Por Márcio Patusco | Instituto Telecom | 10 de Junho

O Brasil tem perdido oportunidades importantes para universalizar alguns de seus serviços de telecomunicações essenciais para a população. À exceção do STFC (telefonia fixa), que é um serviço prestado em regime público, todos os demais serviços são prestados em regime privado, ou seja, não têm obrigações de universalização. Isso traz distorções de atendimento importantes, tanto entre classes de renda, como entre regiões do país. Como conseqüência, temos um abismo de inclusão digital que não se tem conseguido superar.

No recente edital de licitação da faixa de 700 MHz, para prestação do serviço celular 4G, vamos repetir o erro de não colocar metas de cobertura para os vencedores de uma faixa de frequências das mais importantes para uma melhoria e abrangência de nosso serviço de banda larga móvel. Aos vencedores do leilão serão emitidas licenças nacionais de prestação de serviço que não imporão regras, ficando a decisão ou não de atendimento das diversas regiões do país inteiramente nas mãos das operadoras. Pode-se depreender perfeitamente destas condições onde serão os pontos preferenciais para a localização desta infraestrutura, privilegiando sempre o retorno financeiro, acentuando com isso as diferenças sociais e regionais que atualmente já temos.

O leilão da faixa de 700 MHz segue um ritual de licenças “verticais”, onde os vencedores implantam toda a infraestrutura para a prestação do serviço, desde os protocolos de rede ate os protocolos de distribuição dos sinais, passando pelos sistemas de back office que dão suporte ao serviço. Cada empresa vencedora da licitação, prevê-se pelo menos 6 licenças a serem adquiridas, deverá implantar todos estes sistemas e equipamentos sem compartilhamentos significativos de infraestrutura. Isso é o que vem sendo feito em todas as licitações por aqui, e também na grande maioria dos países. Não existiria alternativa mais econômica? Mais dentro da realidade de países com interesse na universalização do serviço? Com uma preocupação maior nos custos e na forma de sua efetiva cobrança ao usuário?

Sim, existe. Essas perguntas vêm sendo respondidas pelo edital de licitação da mesma faixa de 700 MHz idealizada pelo México.
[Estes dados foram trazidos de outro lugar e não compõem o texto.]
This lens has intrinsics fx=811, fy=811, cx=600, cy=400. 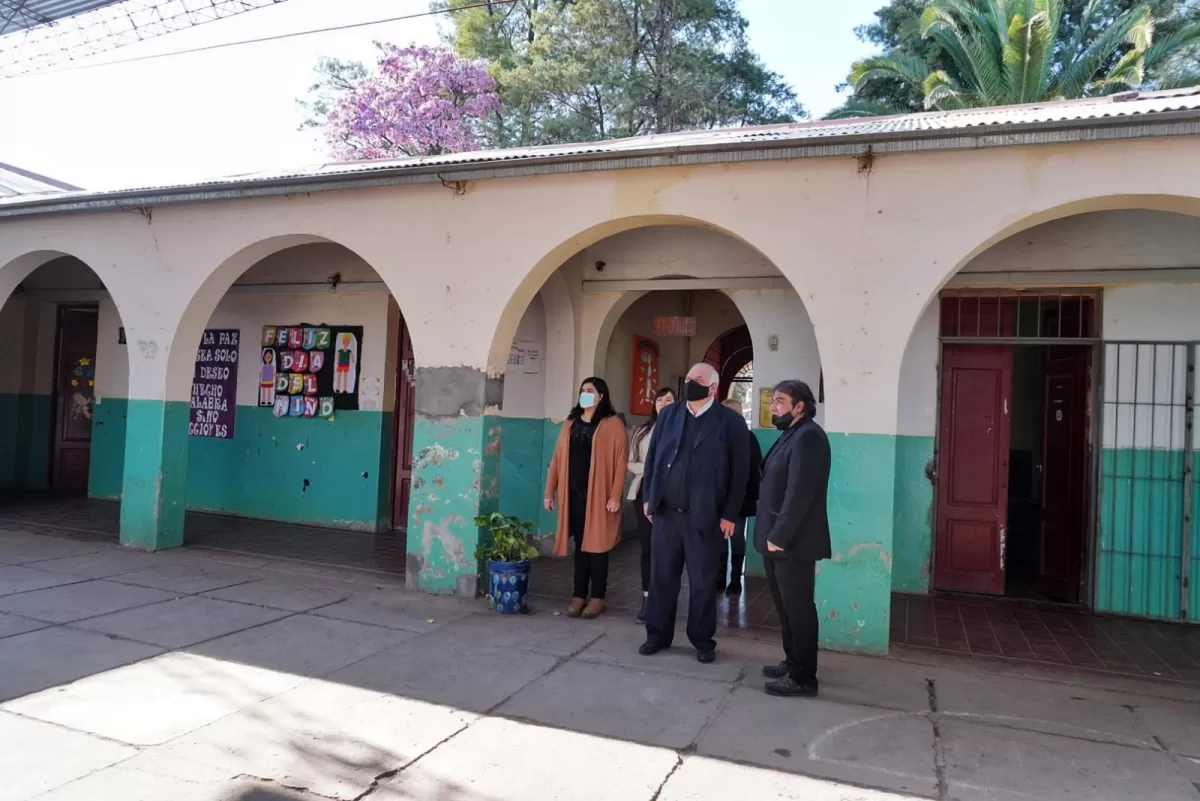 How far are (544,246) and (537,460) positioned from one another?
316 centimetres

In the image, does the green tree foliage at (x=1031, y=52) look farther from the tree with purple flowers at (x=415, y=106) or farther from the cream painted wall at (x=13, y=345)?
the cream painted wall at (x=13, y=345)

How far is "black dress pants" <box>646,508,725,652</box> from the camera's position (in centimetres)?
510

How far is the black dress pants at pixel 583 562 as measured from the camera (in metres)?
6.03

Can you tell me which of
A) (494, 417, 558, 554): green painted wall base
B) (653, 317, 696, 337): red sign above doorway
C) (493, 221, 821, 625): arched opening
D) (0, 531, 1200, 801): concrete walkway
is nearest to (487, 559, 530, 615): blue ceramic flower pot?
(0, 531, 1200, 801): concrete walkway

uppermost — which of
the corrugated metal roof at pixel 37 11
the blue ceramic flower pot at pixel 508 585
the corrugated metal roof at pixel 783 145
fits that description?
the corrugated metal roof at pixel 37 11

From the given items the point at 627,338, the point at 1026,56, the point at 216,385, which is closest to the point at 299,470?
the point at 216,385

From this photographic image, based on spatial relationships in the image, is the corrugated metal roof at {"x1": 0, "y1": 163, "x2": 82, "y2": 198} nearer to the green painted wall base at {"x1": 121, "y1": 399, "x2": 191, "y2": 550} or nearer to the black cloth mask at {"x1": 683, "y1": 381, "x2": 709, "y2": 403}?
the green painted wall base at {"x1": 121, "y1": 399, "x2": 191, "y2": 550}

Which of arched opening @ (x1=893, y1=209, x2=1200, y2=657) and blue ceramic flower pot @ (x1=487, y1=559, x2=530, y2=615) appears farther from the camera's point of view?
arched opening @ (x1=893, y1=209, x2=1200, y2=657)

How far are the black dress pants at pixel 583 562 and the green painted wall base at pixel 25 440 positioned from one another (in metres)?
9.63

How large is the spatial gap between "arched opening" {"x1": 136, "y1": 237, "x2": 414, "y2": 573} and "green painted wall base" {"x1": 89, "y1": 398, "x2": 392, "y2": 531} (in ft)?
0.04

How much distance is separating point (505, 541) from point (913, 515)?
3694mm

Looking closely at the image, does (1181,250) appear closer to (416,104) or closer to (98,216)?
(98,216)

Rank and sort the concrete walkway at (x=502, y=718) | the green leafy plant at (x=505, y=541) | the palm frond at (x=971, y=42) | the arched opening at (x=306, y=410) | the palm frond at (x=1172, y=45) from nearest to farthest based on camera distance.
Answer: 1. the concrete walkway at (x=502, y=718)
2. the green leafy plant at (x=505, y=541)
3. the arched opening at (x=306, y=410)
4. the palm frond at (x=1172, y=45)
5. the palm frond at (x=971, y=42)

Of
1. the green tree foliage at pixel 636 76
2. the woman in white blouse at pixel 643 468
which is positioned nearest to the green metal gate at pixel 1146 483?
the woman in white blouse at pixel 643 468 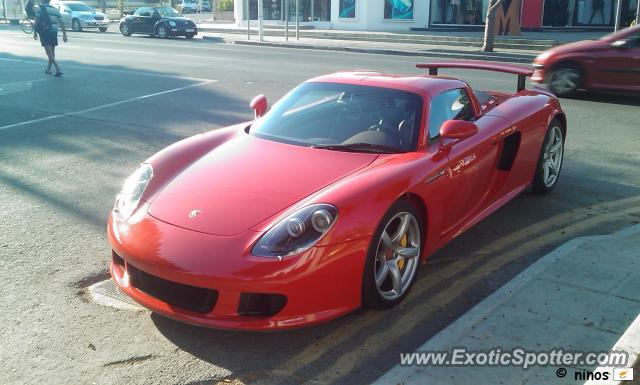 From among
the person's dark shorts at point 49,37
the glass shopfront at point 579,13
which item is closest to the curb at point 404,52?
the glass shopfront at point 579,13

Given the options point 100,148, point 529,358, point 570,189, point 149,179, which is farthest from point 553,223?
point 100,148

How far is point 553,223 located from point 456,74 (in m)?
9.78

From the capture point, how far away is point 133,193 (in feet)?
13.2

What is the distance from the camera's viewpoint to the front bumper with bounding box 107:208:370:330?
3.21m

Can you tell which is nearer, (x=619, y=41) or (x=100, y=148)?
(x=100, y=148)

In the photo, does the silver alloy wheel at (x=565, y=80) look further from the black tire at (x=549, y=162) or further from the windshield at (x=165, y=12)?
the windshield at (x=165, y=12)

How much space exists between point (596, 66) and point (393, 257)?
9.24 meters

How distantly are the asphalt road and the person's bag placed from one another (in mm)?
3492

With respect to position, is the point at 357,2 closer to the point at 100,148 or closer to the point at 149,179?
the point at 100,148

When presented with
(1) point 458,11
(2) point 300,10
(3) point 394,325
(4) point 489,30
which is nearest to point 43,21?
Answer: (3) point 394,325

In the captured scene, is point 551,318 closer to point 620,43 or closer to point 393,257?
point 393,257

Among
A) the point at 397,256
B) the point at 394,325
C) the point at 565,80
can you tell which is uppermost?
the point at 565,80

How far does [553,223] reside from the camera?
537 centimetres

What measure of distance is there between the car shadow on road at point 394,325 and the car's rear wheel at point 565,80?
6813 mm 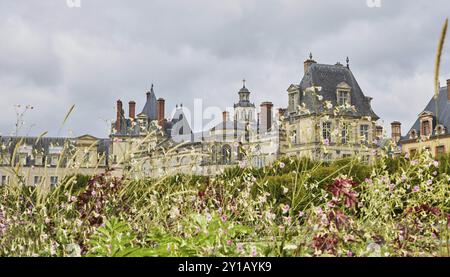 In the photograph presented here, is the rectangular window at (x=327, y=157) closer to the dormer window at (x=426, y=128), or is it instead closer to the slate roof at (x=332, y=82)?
the dormer window at (x=426, y=128)

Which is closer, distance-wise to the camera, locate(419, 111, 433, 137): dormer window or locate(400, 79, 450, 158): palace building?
locate(400, 79, 450, 158): palace building

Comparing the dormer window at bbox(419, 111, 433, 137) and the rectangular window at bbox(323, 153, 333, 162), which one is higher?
the dormer window at bbox(419, 111, 433, 137)

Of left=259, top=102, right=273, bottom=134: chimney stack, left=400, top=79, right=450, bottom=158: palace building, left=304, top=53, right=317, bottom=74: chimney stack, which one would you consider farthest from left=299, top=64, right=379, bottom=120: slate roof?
left=400, top=79, right=450, bottom=158: palace building

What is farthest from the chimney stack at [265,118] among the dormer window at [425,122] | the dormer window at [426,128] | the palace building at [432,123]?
the dormer window at [426,128]

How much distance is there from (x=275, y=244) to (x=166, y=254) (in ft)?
2.10

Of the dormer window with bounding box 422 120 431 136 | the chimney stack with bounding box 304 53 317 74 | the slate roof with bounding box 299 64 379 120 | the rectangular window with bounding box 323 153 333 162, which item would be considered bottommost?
the rectangular window with bounding box 323 153 333 162

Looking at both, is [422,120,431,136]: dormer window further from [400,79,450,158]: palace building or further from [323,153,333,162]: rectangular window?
[323,153,333,162]: rectangular window

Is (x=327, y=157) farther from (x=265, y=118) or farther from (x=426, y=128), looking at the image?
(x=426, y=128)

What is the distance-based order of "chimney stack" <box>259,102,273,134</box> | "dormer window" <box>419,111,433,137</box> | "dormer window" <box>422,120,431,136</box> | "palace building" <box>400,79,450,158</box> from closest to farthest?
"palace building" <box>400,79,450,158</box>
"dormer window" <box>419,111,433,137</box>
"chimney stack" <box>259,102,273,134</box>
"dormer window" <box>422,120,431,136</box>

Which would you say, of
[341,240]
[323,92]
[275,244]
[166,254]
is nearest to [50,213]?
[166,254]

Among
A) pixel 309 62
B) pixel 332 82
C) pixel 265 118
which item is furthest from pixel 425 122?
pixel 265 118

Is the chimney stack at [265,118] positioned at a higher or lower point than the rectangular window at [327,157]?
higher

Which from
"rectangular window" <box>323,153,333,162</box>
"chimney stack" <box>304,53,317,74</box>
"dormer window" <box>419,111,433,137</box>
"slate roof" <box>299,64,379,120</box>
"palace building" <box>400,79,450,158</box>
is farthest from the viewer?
"chimney stack" <box>304,53,317,74</box> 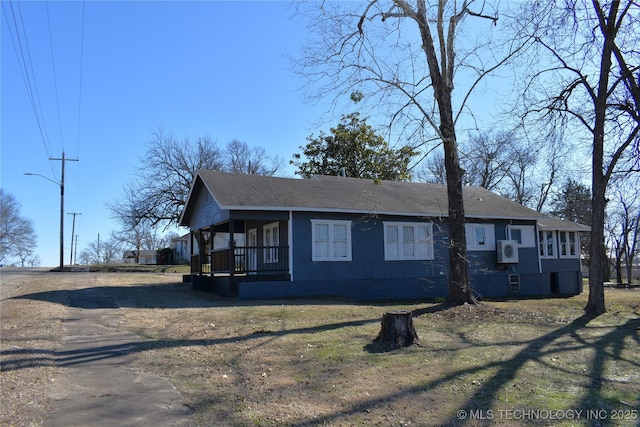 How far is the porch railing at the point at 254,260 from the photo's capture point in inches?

Inicialmente, durante o ano de 2013, os legisladores mexicanos incluíram na Constituição Federal a conectividade como um direito do cidadão. Criaram um novo órgão regulador, o Ifetel – Instituto Federal de Telecomunicaciones -, com maiores poderes, e vão leiloar a faixa de 700 MHz para uma única empresa privada que será responsável pela instalação da infraestrutura, correspondente aos recursos de rede, cabos, fibras, antenas, etc., para provimento do serviço no atacado, com obrigações de cobertura. Esta empresa colocará a sua infraestrutura, a preços estabelecidos pelo Estado, para ser utilizada por empresas virtuais (MVNOs),  na prestação do serviço no varejo. Estima-se que existirão milhares de empresas virtuais nesse mercado, desde os tradicionais prestadores de telecomunicações, como também os prestadores de aplicações OTTs (over the top) que atuarão em nichos específicos, num ambiente de competição e inovação.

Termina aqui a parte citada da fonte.